Mr. Zelensky carefully navigated around one of the central complaints from President Vladimir V. Putin of Russia: that NATO would not give a “written guarantee” that it would never let Ukraine into the Western alliance. Mr. Zelensky made clear he would not back down on seeking membership, but blamed the West for foot-dragging on Ukraine’s interest in joining.
“We are told the doors are open,” Mr. Zelensky said, referring to NATO. “But so far, the strangers are not allowed. If not all members are willing to see us, or all members do not want to see us there, be honest about it. Open doors are good, but we need open answers.”
Ukraine, he added, does not need “years and years of closed questions” from NATO.
Mr. Zelensky repeatedly said he wanted to meet Mr. Putin, who has been curtly dismissive of that possibility and indeed of the entire Ukrainian government. Mr. Putin has made clear that he views Ukraine as part of Russia, or at least that the two countries form one “historical and spiritual space,” as he put it in a 5,000-word disquisition on “the historical unity of Russians and Ukrainians” published last summer.
Mr. Zelensky sounded bitter as he portrayed the West as having failed to live up to the commitments it made in 1994, when it offered vague security guarantees in return for Ukraine’s decision to give up a huge arsenal of nuclear weapons. The weapons had been left in silos on Ukrainian territory after the collapse of the Soviet Union.

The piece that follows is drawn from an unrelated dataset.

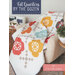 The front cover of the Fat Quarters By The Dozen book featuring a colorful quilt draped over a chair, featuring floral patterns in red, orange, and blue.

When Russia annexed Ukraine’s Crimean Peninsula in 2014, he said, the signatories of the 1994 agreement, called the “Budapest Memorandum,” pretended it did not exist. “We have lost parts of our territory which are bigger in territory than Switzerland, Netherlands or Belgium.”
“We will protect our country,” Mr. Zelensky said, “with or without support.”
Appealing for calm, he said he had enjoyed breakfast in Kyiv and intended to be back home in time for dinner.